• Data for analysis

Segment Open

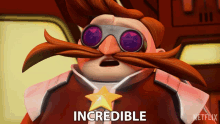 a cartoon character with a star on his chest and the word incredible below him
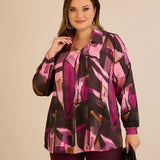 Туника тип риза с брошка - розов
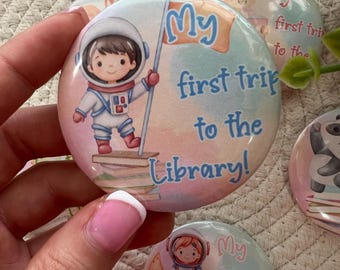 Kids Pin Button,  Pin Buttons For kids, Personalized Kids Pin Buttons, My First Trip Pin Buttons, Family Name Badges Pin back Buttons.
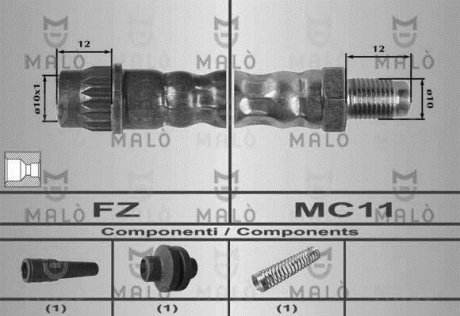 Шланг тормозной передний fiat scudo+abs l=450mm MALO 80159 (фото 1)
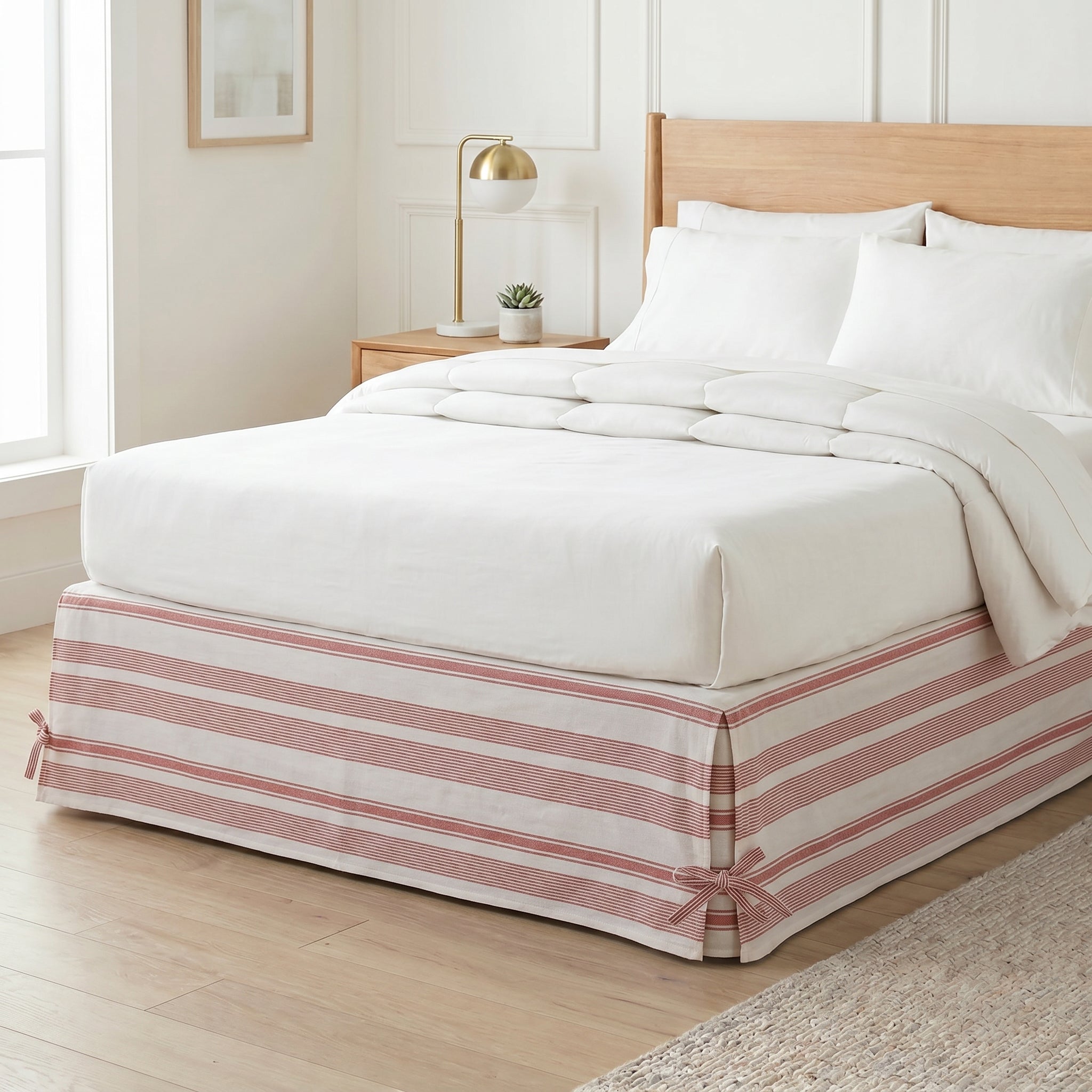 Vintage Crimson Striped Tailored Bed Skirt – Split Corner Bed Valance with Side Ties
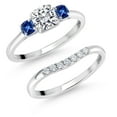 thumbnail image 3 of Gem Stone King 10K White Gold Lab Grown Diamond and Blue Created Sapphire 3-Stone Bridal Engagement Wedding Ring Set for Women | 1.03 Cttw | 5MM and 3MM Cushion Cut | Size 5,6,7,8,9, 3 of 7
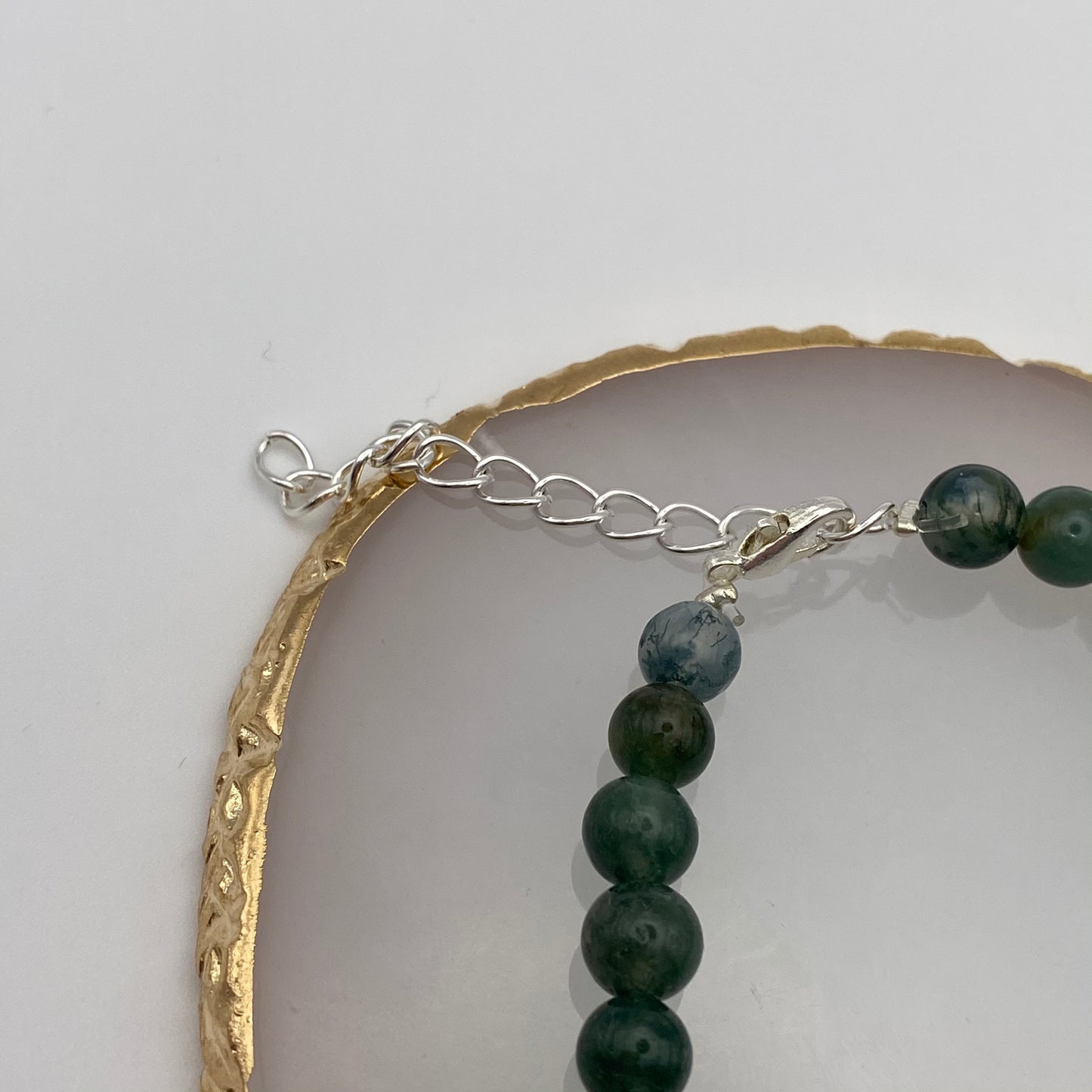 Round Moss Agate Crystal Bracelet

Segment Closed

• What to produce
Exact wording is required throughout: write out all the records, but no pictures.

• Result of this exercise
 a cartoon character with a star on his chest and the word incredible below him
 Туника тип риза с брошка - розов
 Kids Pin Button,  Pin Buttons For kids, Personalized Kids Pin Buttons, My First Trip Pin Buttons, Family Name Badges Pin back Buttons.
 Шланг тормозной передний fiat scudo+abs l=450mm MALO 80159 (фото 1)
 Vintage Crimson Striped Tailored Bed Skirt – Split Corner Bed Valance with Side Ties
 thumbnail image 3 of Gem Stone King 10K White Gold Lab Grown Diamond and Blue Created Sapphire 3-Stone Bridal Engagement Wedding Ring Set for Women | 1.03 Cttw | 5MM and 3MM Cushion Cut | Size 5,6,7,8,9, 3 of 7
 Round Moss Agate Crystal Bracelet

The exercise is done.